■ What the task asks ■
Transcribe exactly the lines from the first line of the records through the line containing "ECO-WORTHY 2048Wh Tragbare", and leave out every picture.

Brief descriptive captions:
☆ ☆ ☆ ☆

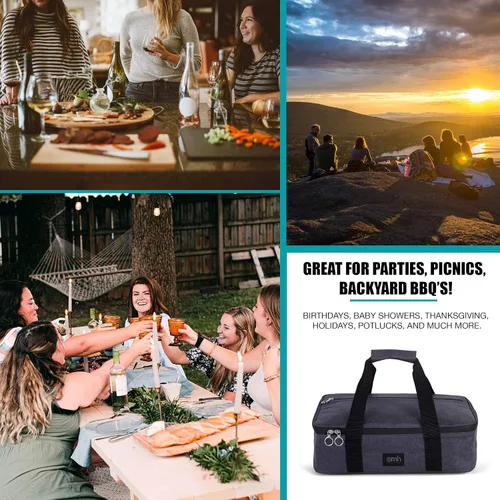 Vista 7 de Estuche de transporte aislado para almacenamiento de alimentos fríos o calientes, perfecto para comidas comidas, fiestas, picnics y comidas al aire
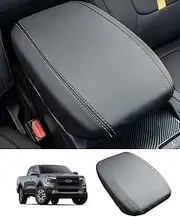 KEPHTH Center Console Cover for 2024 2025 Ford Ranger Accessories Leather Armrest Cover Ranger XL/XLT/Lariat/Raptor Anti-Scratch Arm Rest Seat Cover Customized Middle Console Lid Pad Protector(Black)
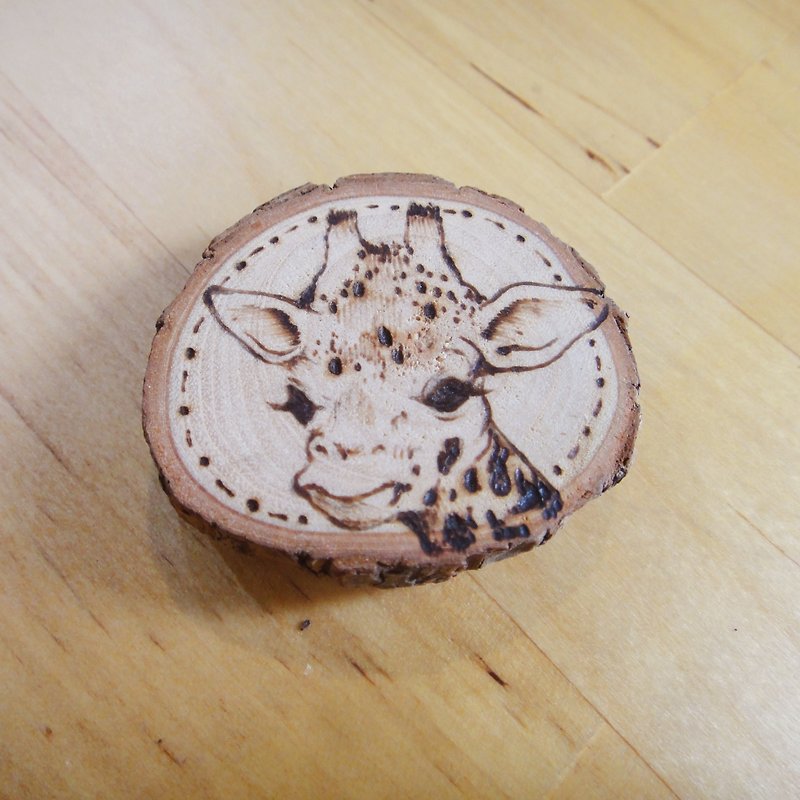 原木烙燒手繪磁鐵-訂製款 - 磁石貼/磁鐵 - 木頭 咖啡色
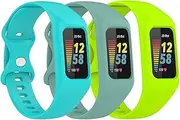 3 Pack Soft Watchband Compatible with Fitbit Charge 6, Charge 5, Charge 4, Charge 3/3SE Silicone Wristband All-round Protective Band Replacement Bracelet Strap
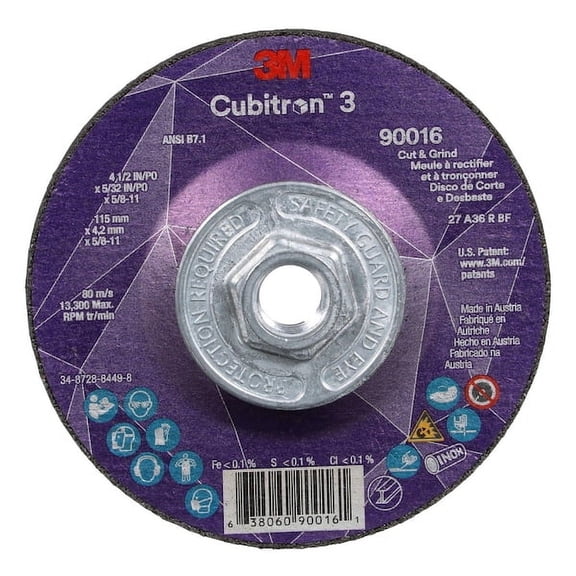 3m Cubitron Depressed Center Grinding Wheel,36 Grit 90016
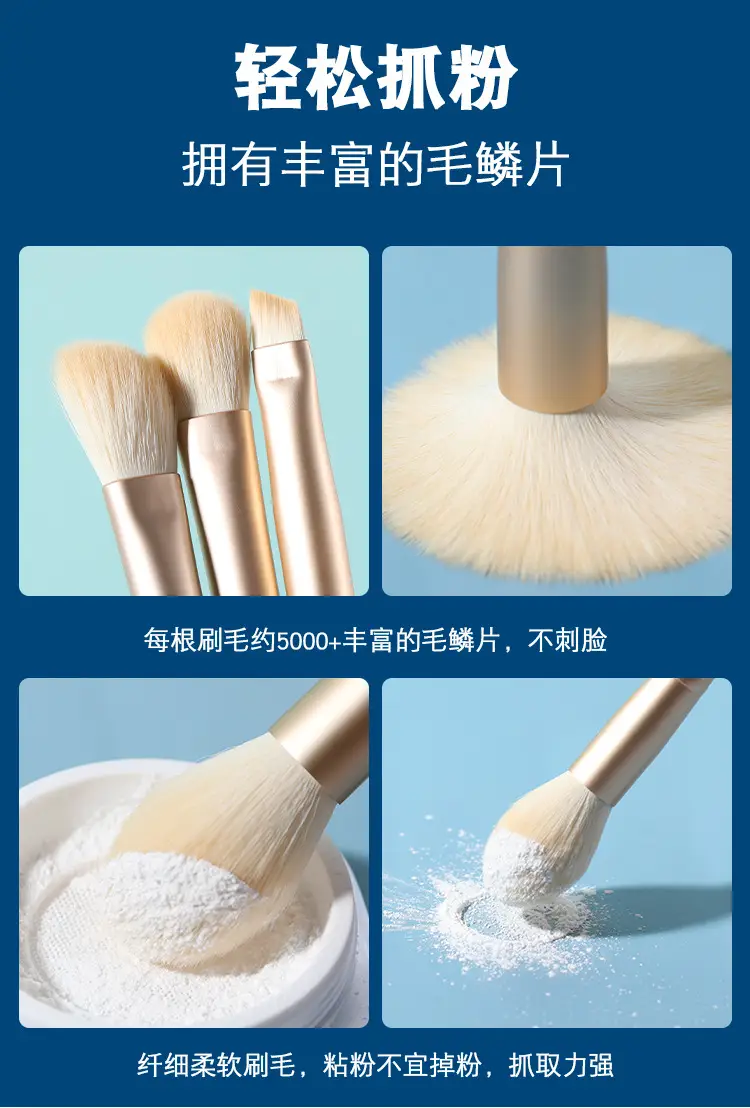 10 Piece Blue Bridge Pattern Makeup Brush Set — feature 9
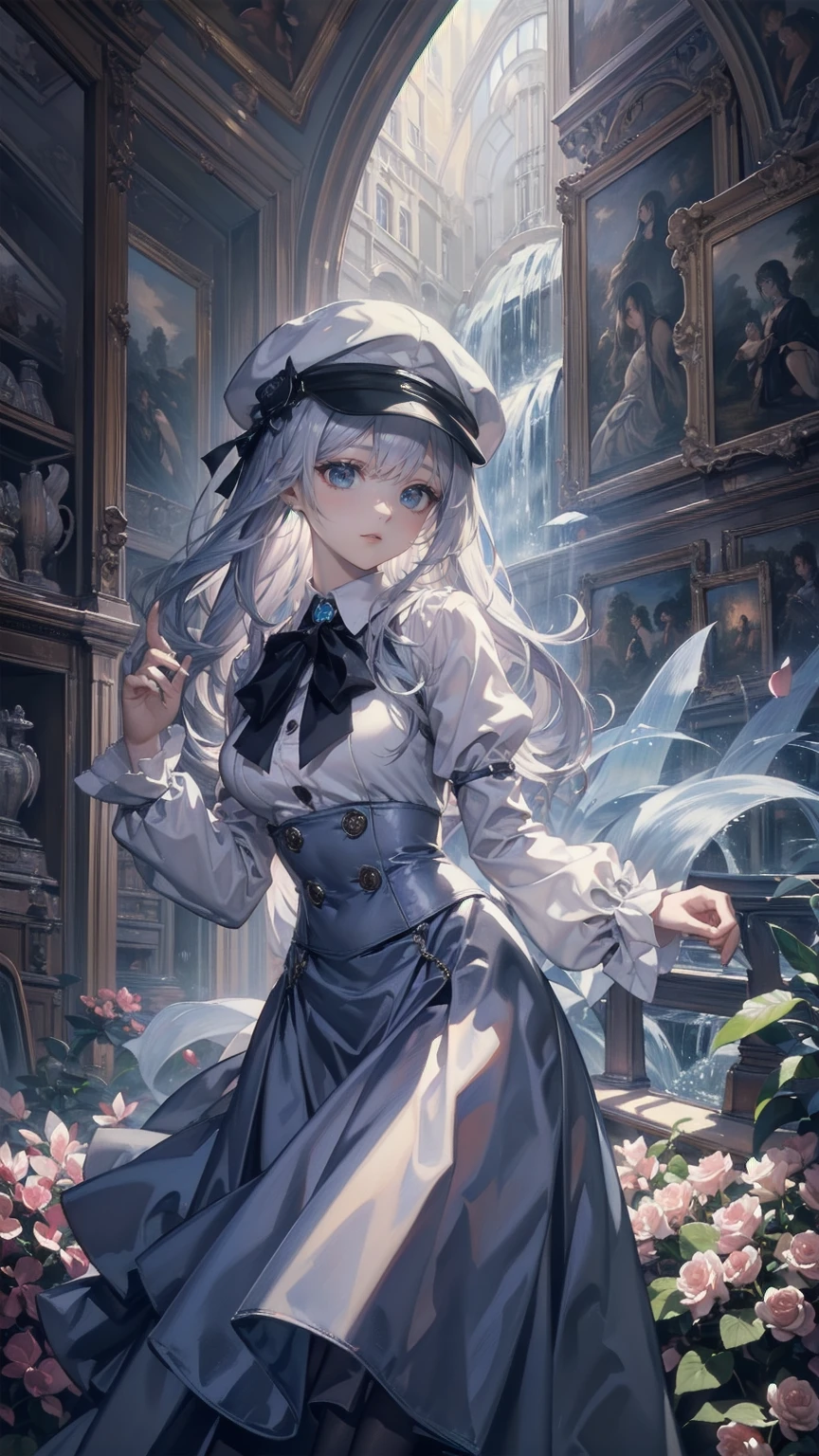 (masterpiece:1.2),(4K), high quality,   super high definition,(  perfect anatomy),( 1 girl),  It's a person  ,Silver long hair,  Beautiful Delicate Blue Eyes  ,  Faces smiling indoors   , Viewers,Long Sleeve Petal Collar Blouse  , White Newsboy Cap ,Tiered skirt,Unfairly Beautiful,Dreamy and romantic, Fantastic and Dreamy Theme ,  Mysterious Atmosphere  ,  Enchanting Dreams  ,   beautiful scenery   ,  Add dramatic and iconic elements to your scene,Near the waterfall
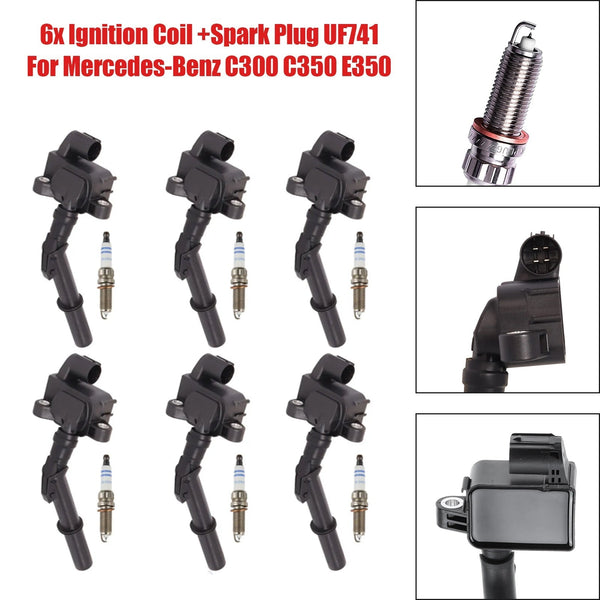 2011-2012 Mercedes-Benz CL63 S63 AMG V12 6.0L 6x Ignition Coil +Spark Plug UF741 A2769063700 Generic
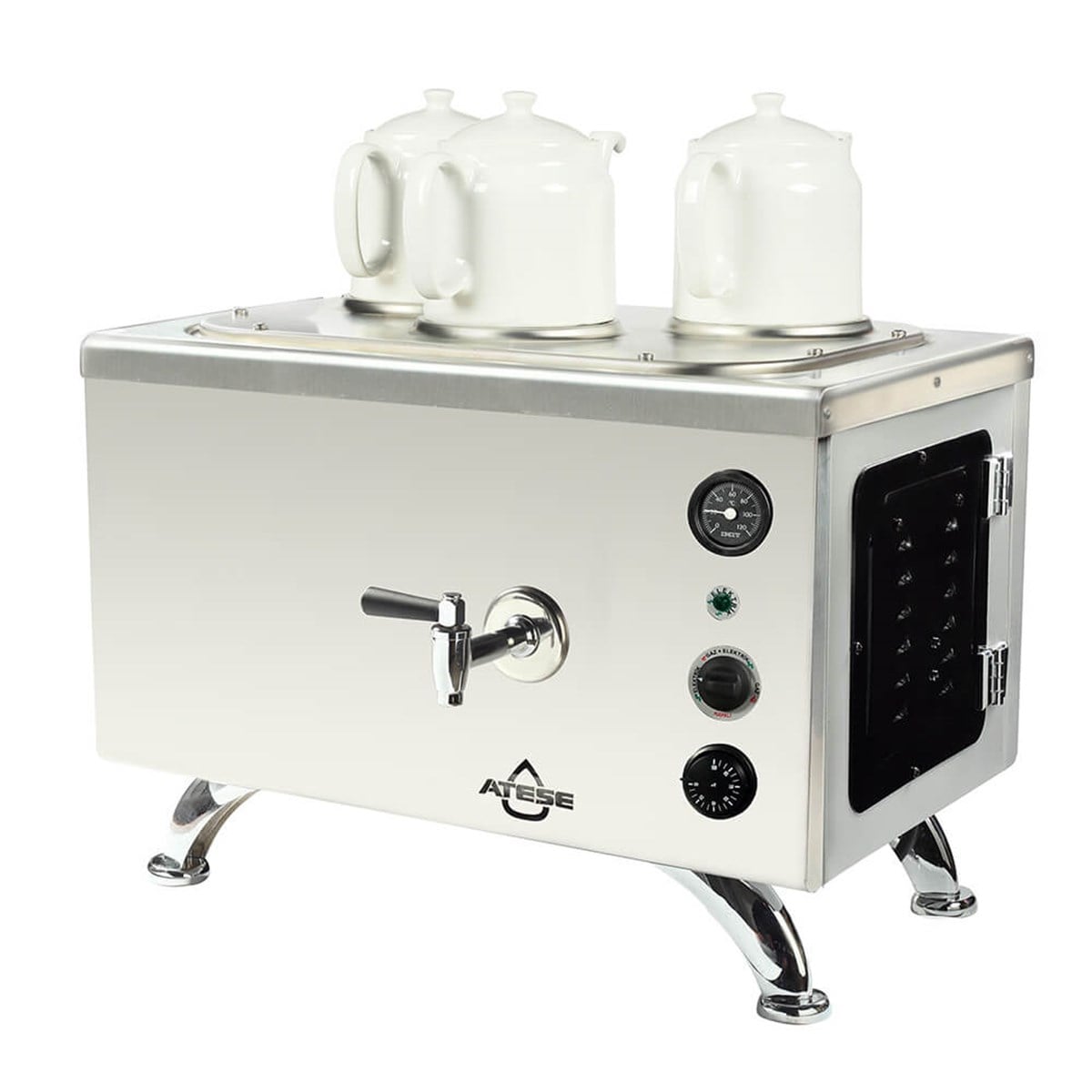 Ateşe Efes Analog Elektrikli 3 Demlikli Çay Makinesi (INOX EAE3)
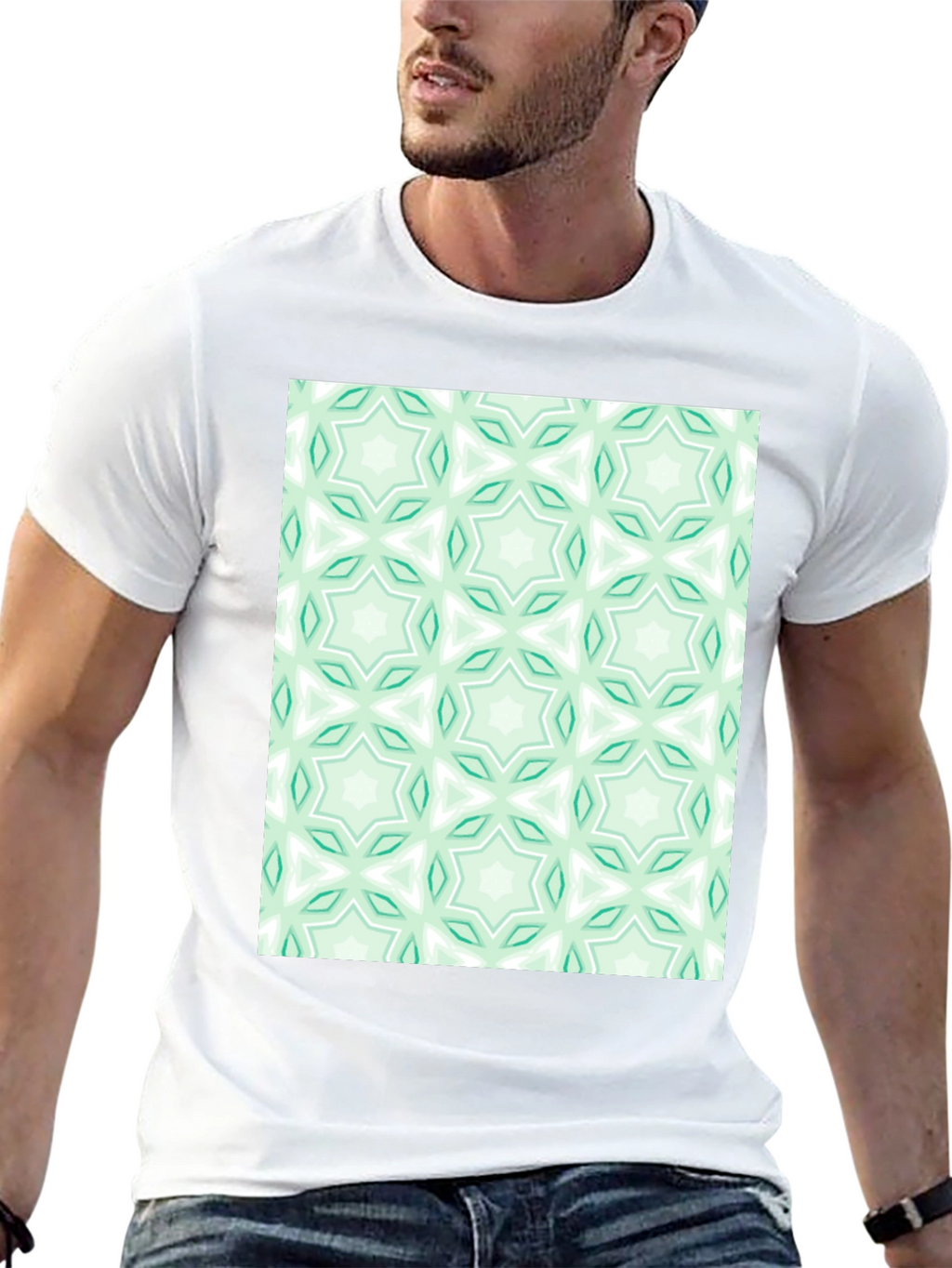 Kaleidoscope Pattern T-Shirt - Mint Green & White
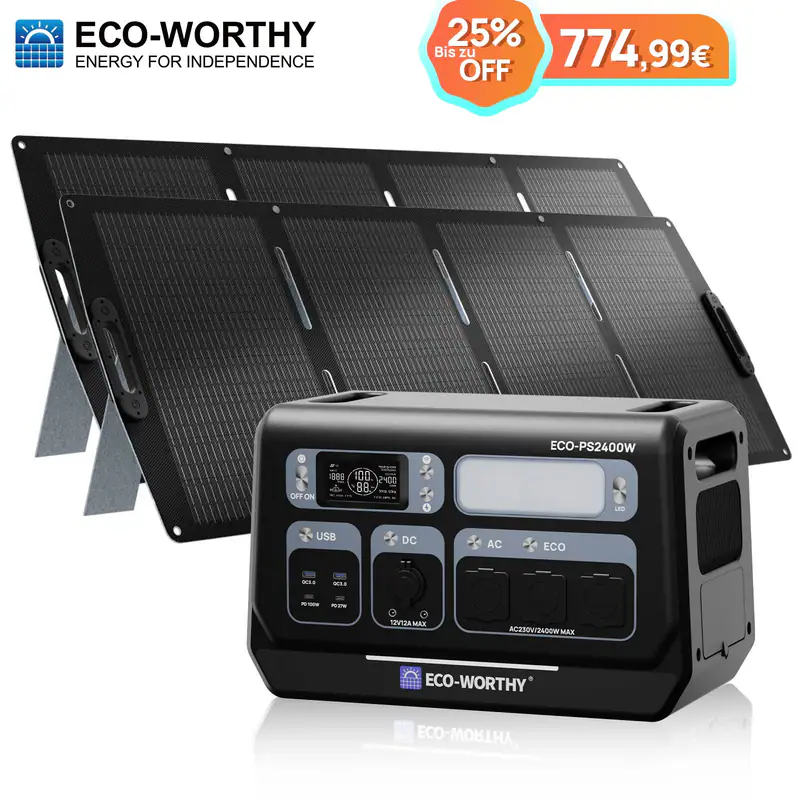 ECO-WORTHY 2048Wh Tragbare Powerstation 2400W & Solarpanel Wohnmobile Variant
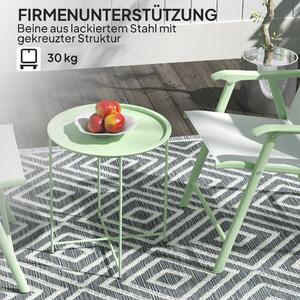 Skládací boční stůl Outsunny Ø46 x 50 cm - Kulatý balkonový stůl odolný proti povětrnostním vlivům s skládacími nohami, Camping stůl, Skládací konfere 6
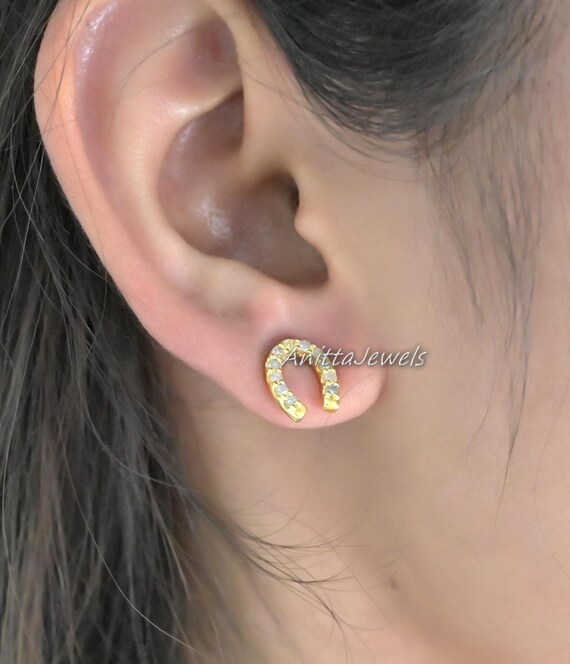 Orecchini A Borchia Con Triplo Ferro Di Cavallo In Argento Sterling 925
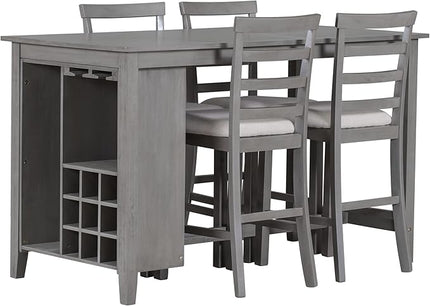 NicBex Small Kitchen Table Set for 4 Bar Table and Chairs Set 5-Piece Multi-Functional Rubber Wood Counter Height Dining Set with Padded Chairs for Dining Room, Gray - LeafyLoom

☆ ☆ ☆ ☆

■ Solution for this exercise ■
 Vista 7 de Estuche de transporte aislado para almacenamiento de alimentos fríos o calientes, perfecto para comidas comidas, fiestas, picnics y comidas al aire
 KEPHTH Center Console Cover for 2024 2025 Ford Ranger Accessories Leather Armrest Cover Ranger XL/XLT/Lariat/Raptor Anti-Scratch Arm Rest Seat Cover Customized Middle Console Lid Pad Protector(Black)
 原木烙燒手繪磁鐵-訂製款 - 磁石貼/磁鐵 - 木頭 咖啡色
 3 Pack Soft Watchband Compatible with Fitbit Charge 6, Charge 5, Charge 4, Charge 3/3SE Silicone Wristband All-round Protective Band Replacement Bracelet Strap
 3m Cubitron Depressed Center Grinding Wheel,36 Grit 90016
 10 Piece Blue Bridge Pattern Makeup Brush Set — feature 9
 (masterpiece:1.2),(4K), high quality,   super high definition,(  perfect anatomy),( 1 girl),  It's a person  ,Silver long hair,  Beautiful Delicate Blue Eyes  ,  Faces smiling indoors   , Viewers,Long Sleeve Petal Collar Blouse  , White Newsboy Cap ,Tiered skirt,Unfairly Beautiful,Dreamy and romantic, Fantastic and Dreamy Theme ,  Mysterious Atmosphere  ,  Enchanting Dreams  ,   beautiful scenery   ,  Add dramatic and iconic elements to your scene,Near the waterfall
 2011-2012 Mercedes-Benz CL63 S63 AMG V12 6.0L 6x Ignition Coil +Spark Plug UF741 A2769063700 Generic
 Ateşe Efes Analog Elektrikli 3 Demlikli Çay Makinesi (INOX EAE3)
 Kaleidoscope Pattern T-Shirt - Mint Green & White
 ECO-WORTHY 2048Wh Tragbare Powerstation 2400W & Solarpanel Wohnmobile Variant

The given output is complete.